Father, son deployment
Sabes, a vehicle mechanic, says it's his second deployment with his son. The first was to Israel.
"In fact, on both deployments there have been issues when someone has said to Chris, 'Hey have you cleared that with your dad?' And I said, 'No, for the purpose of the deployment, the dad is the first sergeant.'"
Bunting, 48, moves through the heat, talking, laughing, asking questions, barely breaking a sweat. Some of the troops seem surprised to see the general; others say they were expecting him. There is talk about the 90-degree weather, and reminders to drink water, likely because a Pennsylvania National Guard member died last summer after collapsing in 104-degree heat on her first day patrolling the Arizona-Mexico border near here.
Bunting doesn't offer to weld, and the troops don't seem to want to slow down much. Most keep working while the general talks. The Suburban makes its way up and down about a 2-mile stretch of the fence, with Bunting getting out or shooing the SUV on ahead and telling the driver he'll meet him later.
Border Patrol agents on edge
Two U.S. Border Patrol agents show up and seem a little edgy, perhaps because they have seen too many dignitaries in too short a time at their new Yuma station. The border agents talk to the Guard troops, who are unarmed. The troops are not supposed to stray more than 3 feet over the border. But when you're wielding a welding torch, sometimes you have to move around.
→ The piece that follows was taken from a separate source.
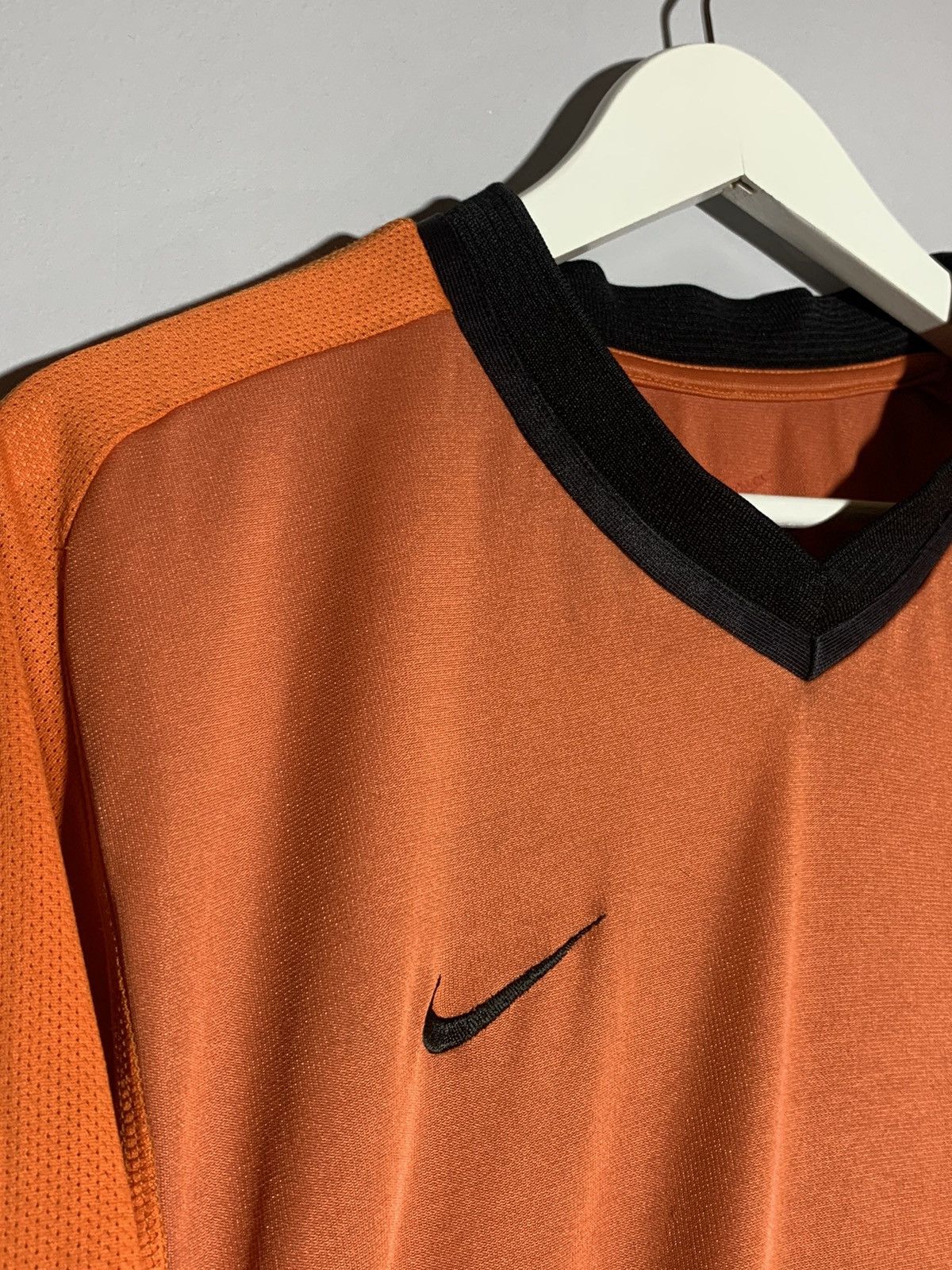 Nike × Vintage Netherlands Nike Vintage 2000 Y2k Streetwear Football Shirt Size US XL / EU 56 / 4 - 5 Thumbnail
Bunting said later he was struck by the fact that the U.S Border Patrol had reinforced vehicles because people would lob rocks at them from the other side of the fence.
"I guess I did not completely anticipate the amount of anti-border patrol and anti-fence sentiment there would be," he said. "But our troops are very well-trained, and they have good security, and they always maintain good situational awareness."
The Suburban heads to the western edge of the fence, where Bunting talks up a few more troops working on the secondary fence, which is made of steel mesh and is several yards into the U.S.
'The highlight of my job'
Tech. Sgt. Carren Christianson, of Topeka, one of four women from the Kansas Guard on this deployment, is tacking up pieces on the secondary fence so the welders can come in and secure the material.
Airman 1st Class Jared Petefish, an aircraft mechanic who turned 20 last month, says joining the guard was the "best thing that ever happened to me."
Even though he's a mechanic, he volunteered for the border security work and would volunteer for Iraq if he had the chance.
"I didn't join just to do nothing," he says, adding that he's looking forward to returning home Saturday because he misses his dog.
On the plane ride to the border, Bunting appeared at ease. He played cards and was chatty, saying he could tell stories all day about the Kansas National Guard troops, 800 of whom are in Iraq.
But on the plane back, there were no card games, no stories, but just enough talk to say the long day was important.
"It's really the highlight of my job, to get out and see our people in action. ... People have their own opinion about whether we should put a fence along the border, but it's the task we've been given, and our guys and gals want to do it right," he said. "I live for the chance to get out of the office and do stuff like this."